Not every stream supports all features. Some streams are read-only, forward-only constructs that don't support writing or seeking. Other streams support all possible features. The features available to you depend on the type of stream you use. Because Stream itself is abstract, you must create an instance of one of its derived classes. .NET defines several useful streams ready for your use:

  • FileStream. The FileStream object lets you access the content of a file using the basic methods of the generic Stream class. FileStream objects support reading, writing, and seeking, although if you open a read-only file, you won't be able to write to it.

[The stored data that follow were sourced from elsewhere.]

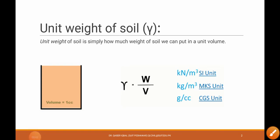Assalamualaikum dear students. In this tutorial we will study unit weight and different types of unit weight: dry unit weight, saturated unit weight, submerged unit weight, bulk unit weight, and similarly we will study specific gravity.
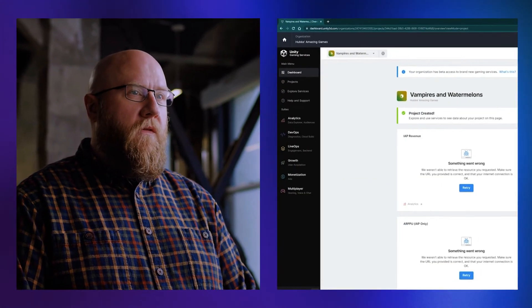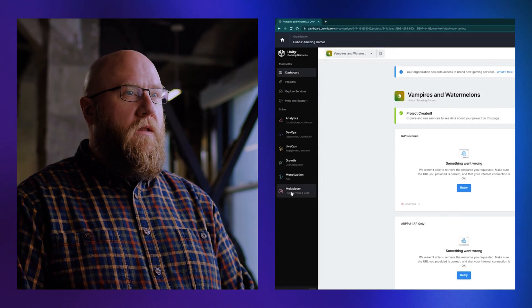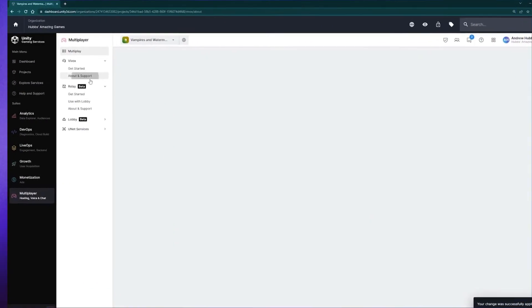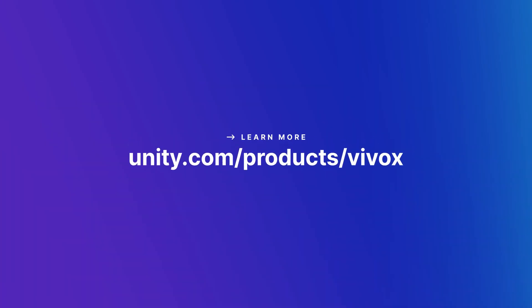You can get started with Vivox by going to the multiplayer section on Unity dashboard. You'll find more information on how to get set up on our official docs site. You can also see all the latest news, case studies, and reports on the Unity.com Vivox page.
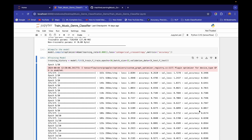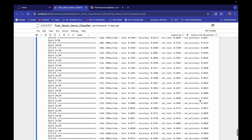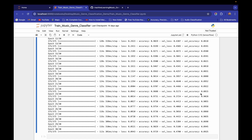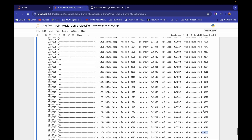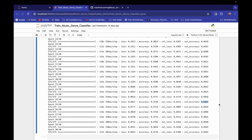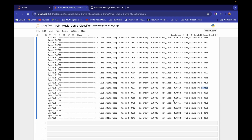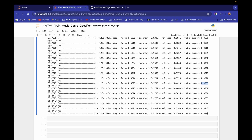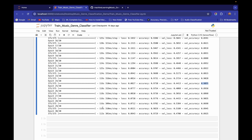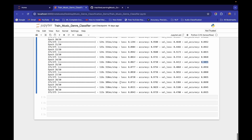We can add early stopping functionality to stop training when validation accuracy peaks. For example, after reaching 90.55%, accuracy starts dropping, so we can stop after 3 or 4 steps without improvement. By adding early stopping, you can lock in 90.55% validation accuracy, though 89.25% is also a very good result.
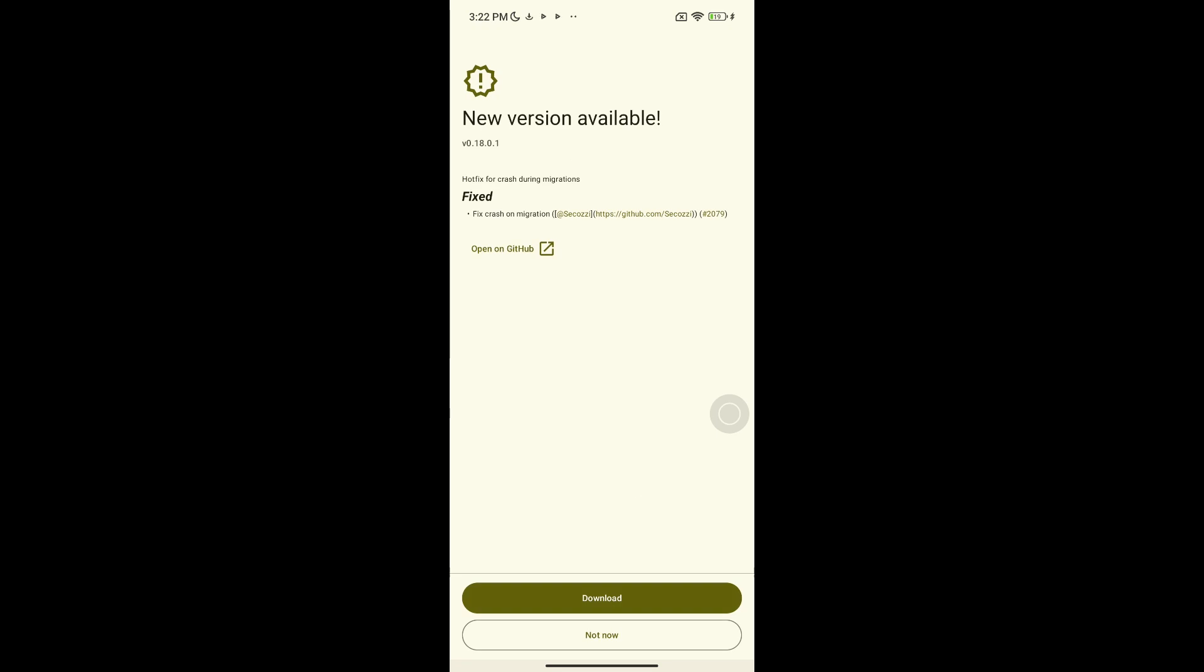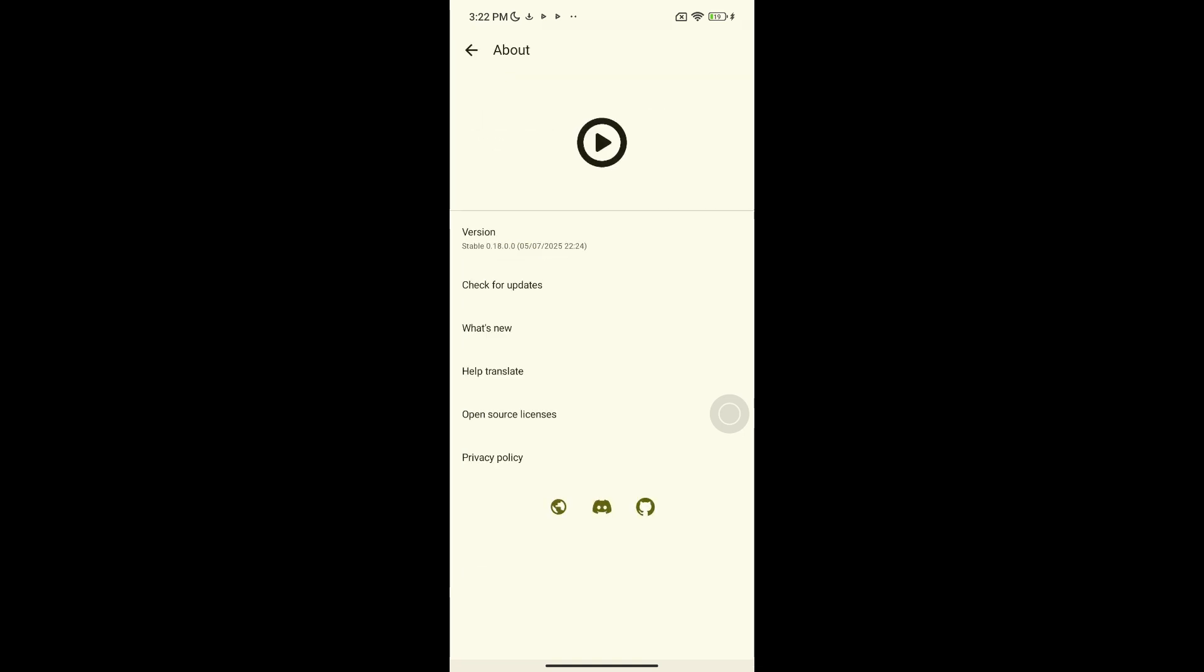If there's a new version available, it will show up right away and give you a link to download it. Click the link, download the APK.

  • MemoryStream. A stream based on a block of raw memory. You can create a memory stream of any size, and use it to temporarily store and retrieve any data.

  • NetworkStream. This class abstracts data coming over a network socket. Whereas most of the derived stream classes reside in System.IO, this class sits in System.Net.Sockets.

  • BufferedStream. Adds buffering support to a stream to improve performance on streams with latency issues. You wrap a BufferedStream object around another stream to use it.

  • CryptoStream. This stream allows you to attach a cryptographic service provider to it, resulting in encrypted output from plain input, or vice versa. Chapter 11, "Security," includes examples that use this type of stream.

  • DeflateStream and GZipStream. Lets you use a stream to compress or decompress data as it is processed, all using standard compression algorithms.

Streams are useful on their own, but you can also combine streams so that an incoming network stream can be immediately encrypted, compressed, and stored in a block of stream memory.

Using a Stream

Using a stream is simple; first you create it, and then you start reading and writing bytes left and right. Here's some sample code I wrote that moves data into and out of a memory stream. It's loosely based on the code you'll find in the MSDN documentation for the MemoryStream class.

' ----- The Stream, or There and Back Again.
Dim position As Integer
Dim memStream As IO.MemoryStream
Dim sourceChars As Byte()
Dim destBytes As Byte()
Dim destChars As Char()
Dim asUnicode As New System.Text.UnicodeEncoding()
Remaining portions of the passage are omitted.